Com outra abordagem – como a ascensão da IA Generativa em fluxos de trabalho de conhecimento impacta as habilidades e práticas de pensamento crítico, envolvendo atividades cognitivas como análise, síntese e avaliação – pesquisadores da Carnegie Mellon University e da Universidade de Cambridge (esses também pesquisadores da Microsoft), em 25 de abril de 2025, publicaram o artigo “The Impact of Generative AI on Critical Thinking: Self-Reported Reductions in Cognitive Effort and Confidence Effects From a Survey of Knowledge Workers”. Foram entrevistados 319 trabalhadores do conhecimento com uso pelo menos uma vez por semana, que compartilharam 936 exemplos de uso, sobre a) quando e como percebem a manifestação do pensamento crítico ao usar a IA generativa e b) em que momentos e por quais motivos (limitação: os participantes ocasionalmente confundiram redução de esforço no uso das soluções com redução de esforço no pensamento crítico). Os resultados indicaram a tendência dos trabalhadores do conhecimento “abandonarem” o pensamento crítico em tarefas secundárias (ou seja, inibir o engajamento crítico, reduzindo a habilidade para resolução de problemas), enquanto o praticam para aprimorar suas habilidades profissionais, e garantir a qualidade do trabalho (por exemplo, verificando fontes externas). Existe uma relação inversa entre confiança e pensamento crítico: maior confiança na IA generativa associa-se a menos pensamento crítico, enquanto menor confiança na IA generativa (ou maior autoconfiança) associa-se a mais pensamento crítico (conclusão igualmente intuitiva). “Ao usar soluções de GenAI, o esforço investido em pensamento crítico muda da coleta de informações para a verificação de informações; da resolução de problemas para a integração de respostas de IA; e da execução de tarefas à administração de tarefas”, concluem os pesquisadores.
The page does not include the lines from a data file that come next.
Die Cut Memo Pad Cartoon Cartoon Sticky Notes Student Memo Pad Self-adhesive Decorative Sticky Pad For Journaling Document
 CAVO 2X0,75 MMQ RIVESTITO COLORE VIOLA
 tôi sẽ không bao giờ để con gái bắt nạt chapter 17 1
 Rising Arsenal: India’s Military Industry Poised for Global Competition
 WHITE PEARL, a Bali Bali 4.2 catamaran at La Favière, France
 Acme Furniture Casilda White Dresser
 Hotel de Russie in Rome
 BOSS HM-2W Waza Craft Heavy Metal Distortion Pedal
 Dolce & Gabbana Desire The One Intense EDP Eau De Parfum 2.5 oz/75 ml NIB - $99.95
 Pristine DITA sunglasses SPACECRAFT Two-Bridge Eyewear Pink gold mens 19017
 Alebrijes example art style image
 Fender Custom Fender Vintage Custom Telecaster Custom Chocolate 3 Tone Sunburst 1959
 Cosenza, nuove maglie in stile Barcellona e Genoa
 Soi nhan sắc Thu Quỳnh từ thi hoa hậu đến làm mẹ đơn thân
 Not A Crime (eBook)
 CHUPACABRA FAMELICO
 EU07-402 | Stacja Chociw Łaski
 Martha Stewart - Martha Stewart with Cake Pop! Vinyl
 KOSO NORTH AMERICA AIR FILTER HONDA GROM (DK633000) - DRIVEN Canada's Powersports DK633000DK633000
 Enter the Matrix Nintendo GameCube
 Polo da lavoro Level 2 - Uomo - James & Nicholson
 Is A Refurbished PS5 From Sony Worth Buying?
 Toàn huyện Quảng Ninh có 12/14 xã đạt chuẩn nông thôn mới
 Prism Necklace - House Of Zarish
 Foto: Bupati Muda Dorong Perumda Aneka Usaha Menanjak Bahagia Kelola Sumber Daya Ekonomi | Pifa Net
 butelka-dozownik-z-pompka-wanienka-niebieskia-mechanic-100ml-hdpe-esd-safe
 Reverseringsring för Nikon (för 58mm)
As três pesquisas reforçam que a) Ainda é cedo para conclusões definitivas sobre os impactos socioemocionais da IA generativa; b) Não podemos ignorar potenciais danos, como dependência emocional e erosão do pensamento crítico; e c) Soluções regulatórias e de design devem ser priorizadas para minimizar riscos.

A vigilância crítica – sem pânico, mas com rigor científico – é essencial para que a IA sirva à humanidade, e não o contrário.